No, pragmatism holds that whatever works is useful.

(08-02-2017 09:42 AM)Naielis Wrote:  But the skeptic can show how this view reduces to subjectivism. The skeptic can ask questions like "how do you know what works". They can ask how you are able to falsify anything if you can't verify anything. If the pragmatists answer to these questions is simply that their system works, then they have begged the question.

But that isn't the answer.

(08-02-2017 09:42 AM)Naielis Wrote:  How does the pragmatist know their senses are reliable?

By having functional definitions.

We know that we exist. We know that we sense something, and that this something is external to us. This is the universe.

None of this is debatable. It is a matter of semantics, not argument; any functional definition of the terms above results in this conclusion.

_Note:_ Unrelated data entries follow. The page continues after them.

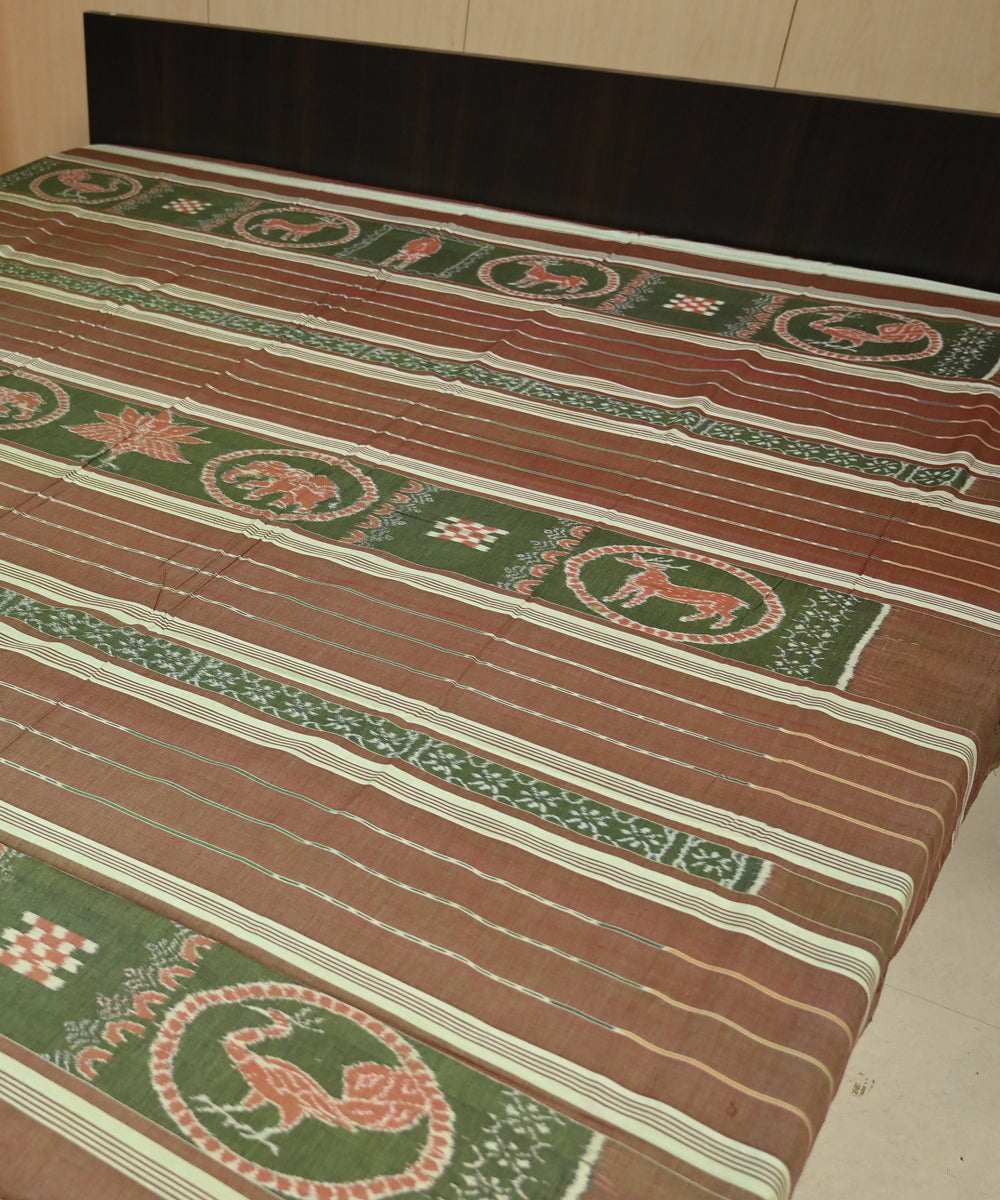 Dark brown cream green handmade sambalpuri cotton bedsheet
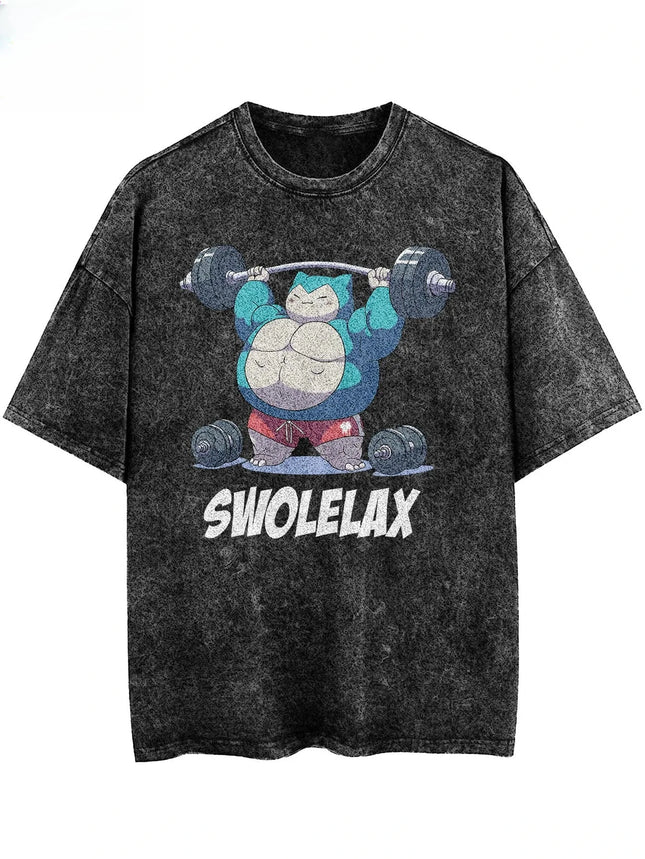 2026 Hot Sale Pokemon Squirtle Gym Muscle T-Shirt Vintage Washed Anime Graphic Tee Unisex Streetwear Short Sleeve Top Gym Lovers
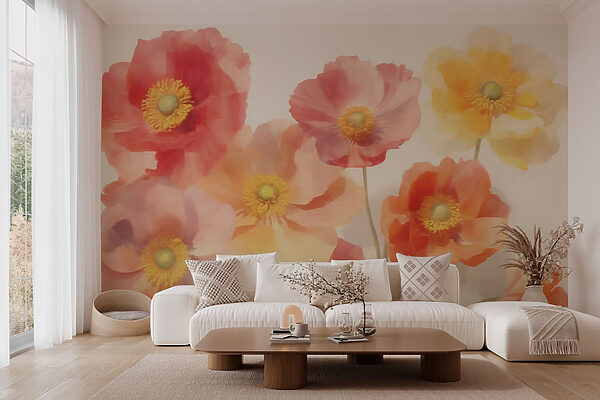 Groupe de fleurs sur fond blanc Papier peint Groupe de fleurs sur fond blanc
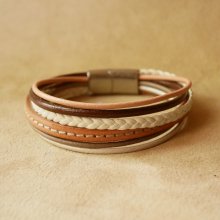 Beige multi-leather cuff bracelet for women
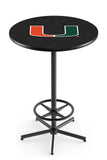 L216 Black Wrinkle Miami Hurricanes Pub Table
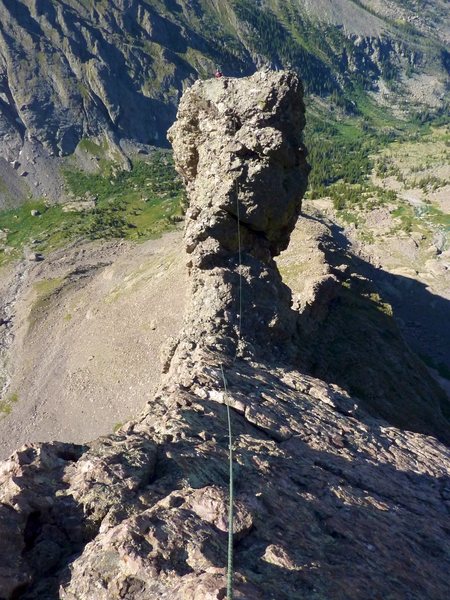 Looking back at the large "Dr. Seuss" gendarme on our third pitch of the route. July, 2010.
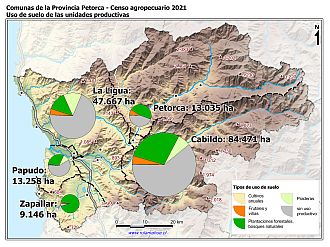 Mapa con gráficos de torta por comuna que muestran los diferentes usos de suelo de las unidades productivas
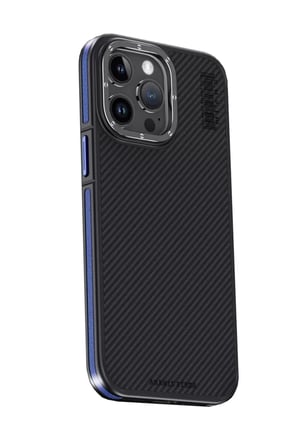iPhone 15 Pro Max Kılıf Aramid 600D Kevlar Karbon Fiber Magsafe Kapak - Lacivert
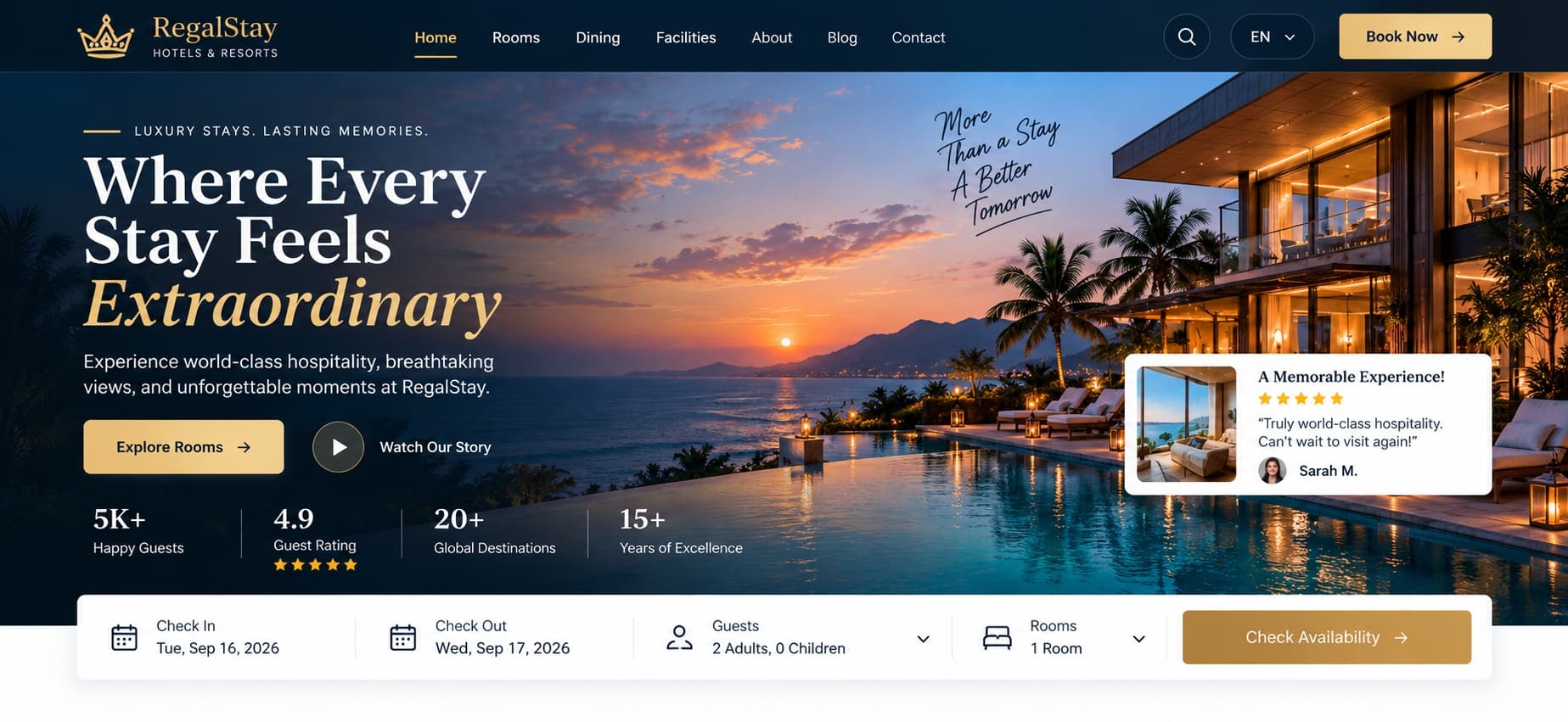 RegalStay Luxury Hotel Website preview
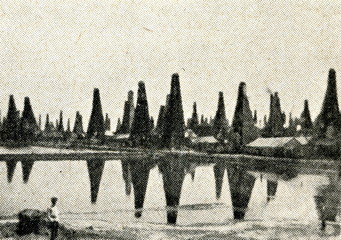 Oil lake and oil wells in Balaxanı, Baku ca. 1900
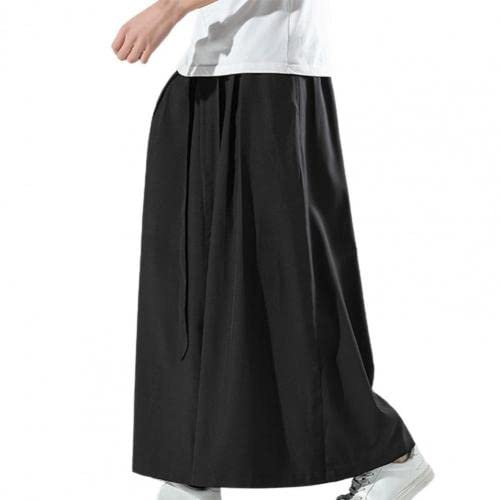 Pantaloni da uomo Hakama Kung Fu in seta di ghiaccio nero con pantaloni larghi cinesi Wushu Kimono a fondo largo Black Xl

From there, the only thing necessary in order for us to gather information about the universe through our senses is that our sensory input is not random. It does not have to be "accurate", or show us the "true nature of reality", or anything else - so long as Input A results in Sense A, we can use that to construct a functioning model of the thing being sensed.

Again, this is not actually an argument. It is merely a matter of semantics. And the most common objection to it, from the solipsist, is just playing games with those same semantics - "How do you know you're actually sensing the real Thing A?"

The answer is "By definition. We're sensing it. The thing being sensed is what is being sensed."

Yes, it really is that trivial.

(08-02-2017 09:42 AM)Naielis Wrote:  If you cannot verify your own or anything's physical existence, then you can't even begin to argue about the physical.

If you cannot argue your own or anything's physical existence, then you do not have functional definitions.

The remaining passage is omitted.